Professional ratings
Aggregate scores
| Source | Rating |
| Metacritic | 54/100 |
Review scores
| Source | Rating |
| AllMusic | Star |
| Blender | Star |
| Christianity Today | Star Half star |
| Cross Rhythms | Star |
| Entertainment Weekly | C |
| Mojo | Star Half star |
| Q | Star |
| Rolling Stone | Star |
| Spin | (6/10) |

===Commercial success===
Having sold 106,000 copies in its first week, Payable on Death debuted at No. 9 on the Billboard 200 chart on the strength of the first single and music video for "Will You". The band filmed a video for the next single, "Change the World", but it was never shipped to MTV. However, it did air on the lesser known Fuse TV. The album's relatively poor sales compared to P.O.D.'s mammoth success, Satellite, have been partly attributed to a shakeup at Atlantic Records, leaving P.O.D. with no label support. Atlantic was sold to a private investor resulting in several thousand people, many of whom close to P.O.D., losing their jobs.

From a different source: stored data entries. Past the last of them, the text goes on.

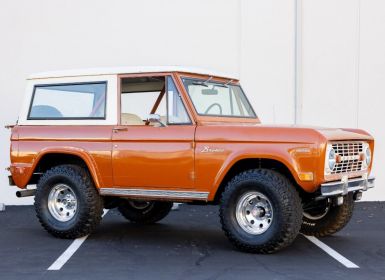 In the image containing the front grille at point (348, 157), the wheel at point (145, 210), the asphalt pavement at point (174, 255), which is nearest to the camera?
the asphalt pavement at point (174, 255)

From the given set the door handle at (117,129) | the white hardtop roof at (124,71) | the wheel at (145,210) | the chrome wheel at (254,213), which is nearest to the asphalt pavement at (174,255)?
the wheel at (145,210)

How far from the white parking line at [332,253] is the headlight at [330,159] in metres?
0.90

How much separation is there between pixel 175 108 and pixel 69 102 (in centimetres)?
156

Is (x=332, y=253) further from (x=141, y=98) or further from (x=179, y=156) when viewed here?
(x=141, y=98)

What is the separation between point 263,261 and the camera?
6254 millimetres

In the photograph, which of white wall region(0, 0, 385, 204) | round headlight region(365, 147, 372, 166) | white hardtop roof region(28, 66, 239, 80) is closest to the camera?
round headlight region(365, 147, 372, 166)

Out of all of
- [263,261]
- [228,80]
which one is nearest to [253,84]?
[228,80]

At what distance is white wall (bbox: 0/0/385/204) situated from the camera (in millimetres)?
11523

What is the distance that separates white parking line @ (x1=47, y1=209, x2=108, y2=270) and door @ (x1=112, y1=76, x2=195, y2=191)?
82cm

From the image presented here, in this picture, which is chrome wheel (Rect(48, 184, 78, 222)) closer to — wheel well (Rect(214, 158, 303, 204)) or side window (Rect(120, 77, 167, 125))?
side window (Rect(120, 77, 167, 125))

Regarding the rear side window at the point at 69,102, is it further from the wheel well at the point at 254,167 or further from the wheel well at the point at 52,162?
the wheel well at the point at 254,167

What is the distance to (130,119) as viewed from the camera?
25.0 feet

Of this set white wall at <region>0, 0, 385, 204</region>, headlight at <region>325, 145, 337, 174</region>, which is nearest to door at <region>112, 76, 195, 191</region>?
headlight at <region>325, 145, 337, 174</region>

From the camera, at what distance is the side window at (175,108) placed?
701 centimetres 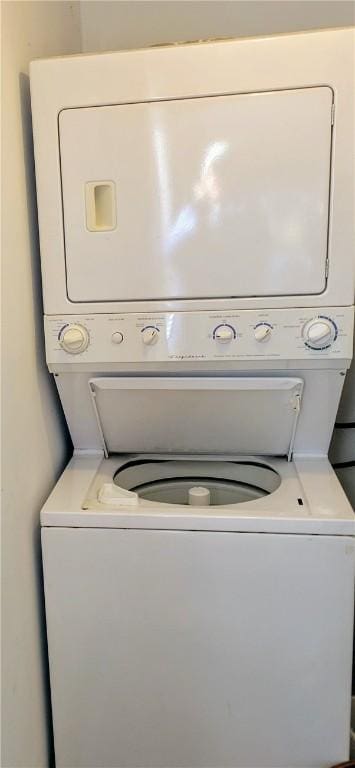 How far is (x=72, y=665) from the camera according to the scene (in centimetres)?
119

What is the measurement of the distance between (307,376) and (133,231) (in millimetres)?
520

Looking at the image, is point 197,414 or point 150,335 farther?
→ point 197,414

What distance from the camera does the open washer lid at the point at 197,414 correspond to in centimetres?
127

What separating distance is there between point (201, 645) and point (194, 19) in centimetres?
170

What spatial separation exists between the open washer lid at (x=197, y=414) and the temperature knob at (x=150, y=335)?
11 centimetres

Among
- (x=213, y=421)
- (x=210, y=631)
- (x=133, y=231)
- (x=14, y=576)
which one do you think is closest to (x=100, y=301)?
(x=133, y=231)

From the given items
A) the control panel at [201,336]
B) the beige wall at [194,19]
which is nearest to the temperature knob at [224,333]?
the control panel at [201,336]

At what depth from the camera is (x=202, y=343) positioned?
1.21 metres

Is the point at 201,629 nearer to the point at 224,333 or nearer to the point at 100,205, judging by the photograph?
the point at 224,333

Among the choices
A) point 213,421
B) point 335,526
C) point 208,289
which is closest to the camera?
point 335,526

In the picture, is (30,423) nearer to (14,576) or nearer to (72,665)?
(14,576)

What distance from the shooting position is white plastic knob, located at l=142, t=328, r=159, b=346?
47.3 inches

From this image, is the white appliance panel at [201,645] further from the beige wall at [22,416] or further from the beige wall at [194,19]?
the beige wall at [194,19]

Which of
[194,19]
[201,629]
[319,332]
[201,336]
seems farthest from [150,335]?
[194,19] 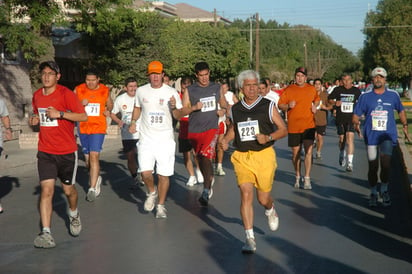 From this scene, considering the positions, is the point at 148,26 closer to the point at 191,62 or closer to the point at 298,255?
the point at 191,62

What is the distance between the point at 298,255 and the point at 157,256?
1.33 m

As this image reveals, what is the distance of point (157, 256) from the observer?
690 cm

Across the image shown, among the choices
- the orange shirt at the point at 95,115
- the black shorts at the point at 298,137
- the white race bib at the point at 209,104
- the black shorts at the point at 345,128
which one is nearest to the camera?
the white race bib at the point at 209,104

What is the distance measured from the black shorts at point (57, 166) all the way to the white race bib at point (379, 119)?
164 inches

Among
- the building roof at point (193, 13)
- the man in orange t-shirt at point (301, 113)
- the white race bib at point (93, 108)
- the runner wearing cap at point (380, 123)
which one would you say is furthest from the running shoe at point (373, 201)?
the building roof at point (193, 13)

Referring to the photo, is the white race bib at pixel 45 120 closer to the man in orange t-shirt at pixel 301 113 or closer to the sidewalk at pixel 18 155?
the man in orange t-shirt at pixel 301 113

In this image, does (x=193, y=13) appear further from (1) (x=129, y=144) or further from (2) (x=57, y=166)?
(2) (x=57, y=166)

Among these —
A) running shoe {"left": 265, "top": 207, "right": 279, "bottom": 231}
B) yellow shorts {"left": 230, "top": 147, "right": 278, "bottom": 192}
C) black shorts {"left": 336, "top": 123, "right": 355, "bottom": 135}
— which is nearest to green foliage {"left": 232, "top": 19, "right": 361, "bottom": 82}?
black shorts {"left": 336, "top": 123, "right": 355, "bottom": 135}

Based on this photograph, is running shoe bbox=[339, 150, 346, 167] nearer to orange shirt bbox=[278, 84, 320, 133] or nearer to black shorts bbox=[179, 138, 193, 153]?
orange shirt bbox=[278, 84, 320, 133]

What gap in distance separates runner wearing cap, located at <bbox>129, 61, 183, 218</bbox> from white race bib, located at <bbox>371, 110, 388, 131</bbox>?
8.64ft

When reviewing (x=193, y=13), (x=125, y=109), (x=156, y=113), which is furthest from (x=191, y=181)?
(x=193, y=13)

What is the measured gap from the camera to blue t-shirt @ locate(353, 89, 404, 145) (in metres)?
9.76

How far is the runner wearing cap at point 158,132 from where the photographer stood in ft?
30.0

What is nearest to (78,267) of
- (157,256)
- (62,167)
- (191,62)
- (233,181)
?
(157,256) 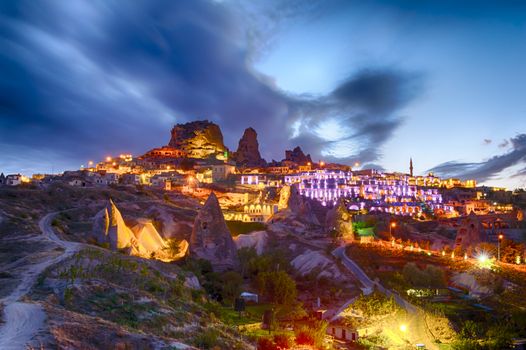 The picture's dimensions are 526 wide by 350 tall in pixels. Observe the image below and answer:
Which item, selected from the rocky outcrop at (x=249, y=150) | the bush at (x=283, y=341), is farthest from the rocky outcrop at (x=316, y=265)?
the rocky outcrop at (x=249, y=150)

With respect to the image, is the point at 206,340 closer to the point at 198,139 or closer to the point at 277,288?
the point at 277,288

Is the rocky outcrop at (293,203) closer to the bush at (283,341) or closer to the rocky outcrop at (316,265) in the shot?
the rocky outcrop at (316,265)

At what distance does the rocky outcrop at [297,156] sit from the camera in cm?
17544

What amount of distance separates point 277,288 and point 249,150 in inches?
5317

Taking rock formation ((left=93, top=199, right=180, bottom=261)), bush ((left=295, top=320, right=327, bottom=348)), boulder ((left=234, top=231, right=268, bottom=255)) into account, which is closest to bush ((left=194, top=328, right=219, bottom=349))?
bush ((left=295, top=320, right=327, bottom=348))

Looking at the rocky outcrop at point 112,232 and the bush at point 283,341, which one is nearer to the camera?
the bush at point 283,341

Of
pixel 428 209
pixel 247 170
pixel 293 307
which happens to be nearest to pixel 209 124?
pixel 247 170

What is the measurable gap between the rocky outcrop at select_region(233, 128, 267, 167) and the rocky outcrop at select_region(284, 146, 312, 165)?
13287 millimetres

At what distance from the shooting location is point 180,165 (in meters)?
142

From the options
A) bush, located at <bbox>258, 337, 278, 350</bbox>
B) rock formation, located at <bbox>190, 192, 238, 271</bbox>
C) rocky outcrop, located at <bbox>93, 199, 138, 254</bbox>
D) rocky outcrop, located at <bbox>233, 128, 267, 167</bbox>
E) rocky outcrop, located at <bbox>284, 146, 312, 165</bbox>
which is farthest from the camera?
rocky outcrop, located at <bbox>284, 146, 312, 165</bbox>

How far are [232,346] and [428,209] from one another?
115084 mm

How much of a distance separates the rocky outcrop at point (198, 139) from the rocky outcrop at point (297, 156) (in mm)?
26990

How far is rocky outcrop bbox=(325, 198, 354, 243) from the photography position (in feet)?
216

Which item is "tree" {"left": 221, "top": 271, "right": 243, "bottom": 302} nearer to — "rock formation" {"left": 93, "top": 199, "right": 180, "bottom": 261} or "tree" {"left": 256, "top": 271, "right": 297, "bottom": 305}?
"tree" {"left": 256, "top": 271, "right": 297, "bottom": 305}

According to Soundscan, Payable on Death sold a little under 500,000 copies as of January 2006. However, it has shipped over 500,000 copies in the U.S.; therefore, Payable on Death was certified gold by the RIAA. Not until June 2004 did it pass the one-million sales mark. It has sold over 1,300,000 copies worldwide. It is credited as the last commercially successful album released by P.O.D.

==Track listing==

- Enhanced CD content
- Bonus Video footage
- Link to download "Space"

- Limited edition bonus disc for PlayStation 2
- "Amplitude Demo"
- "Inside P.O.D. Culture"
- "Daniel Martin Diaz Featurette"

| No. | Title | Length |
|---|---|---|
| 1. | "Wildfire" | 3:15 |
| 2. | "Will You" | 3:47 |
| 3. | "Change the World" | 3:03 |
| 4. | "Execute the Sounds" | 3:01 |
| 5. | "Find My Way" | 3:09 |
| 6. | "Revolution" (featuring Phil Keaggy) | 3:25 |
| 7. | "The Reasons" | 3:44 |
| 8. | "Freedom Fighters" | 4:12 |
| 9. | "Waiting on Today" | 3:06 |
| 10. | "I and Identify" | 3:15 |
| 11. | "Asthma" | 4:01 |
| 12. | "Eternal" (featuring Phil Keaggy) | 6:19 |
| Total length: |  | 44:22 |

Japanese version bonus tracks
| No. | Title | Length |
|---|---|---|
| 13. | "Sleeping Awake" | 3:23 |
| 14. | "Space (The Phatheads Remix)" | 4:49 |
| Total length: |  | 52:34 |

==Personnel==

P.O.D.
- Sonny Sandoval – lead vocals
- Jason Truby – guitar, backing vocals
- Traa Daniels – bass, backing vocals
- Wuv Bernardo – drums, backing vocals

Production
- Rich Costey – mixing at Cello Studios, Hollywood, California
- Mike Plotnikoff – engineering, Pro-Tools editing, mixing on "Eternal" at Bay 7 Studios, Valley Village, California
- Tom Baker – mastering at Precision Mastering, Hollywood, California
- Eric Miller – additional engineering
- Darren Mora – assistant mix engineering
- Paul DeCarli and Dan Adam – Pro-Tools editing

Additional musicians
- Phil Keaggy – additional guitars on "Revolution" and "Eternal"

Artwork
- Christina Dittmar – Atlantic Records art director
- Daniel Martin Diaz – art direction, design, paintings and sketches
- Ellie Leacock (Art Stuff) – additional layout
- Charles Peterson – photography

==Charts==

Weekly chart performance for Payable on Death
| Chart (2003) | Peak position |
|---|---|
| Australian Albums (ARIA) | 47 |
| Austrian Albums (Ö3 Austria) | 47 |
| French Albums (SNEP) | 109 |
| German Albums (Offizielle Top 100) | 30 |
| Italian Albums (FIMI) | 64 |
| New Zealand Albums (RMNZ) | 34 |
| Scottish Albums (Official Charts) | 16 |
| Swedish Albums (Sverigetopplistan) | 45 |
| Swiss Albums (Schweizer Hitparade) | 31 |
| US Billboard 200 | 9 |
| US Top Christian Albums (Billboard) | 1 |

==Certifications==

Certifications and sales for Payable on Death
| Region | Certification | Certified units/sales |
| United States (RIAA) | Gold | 500,000^{^} |
^{^} Shipments figures based on certification alone.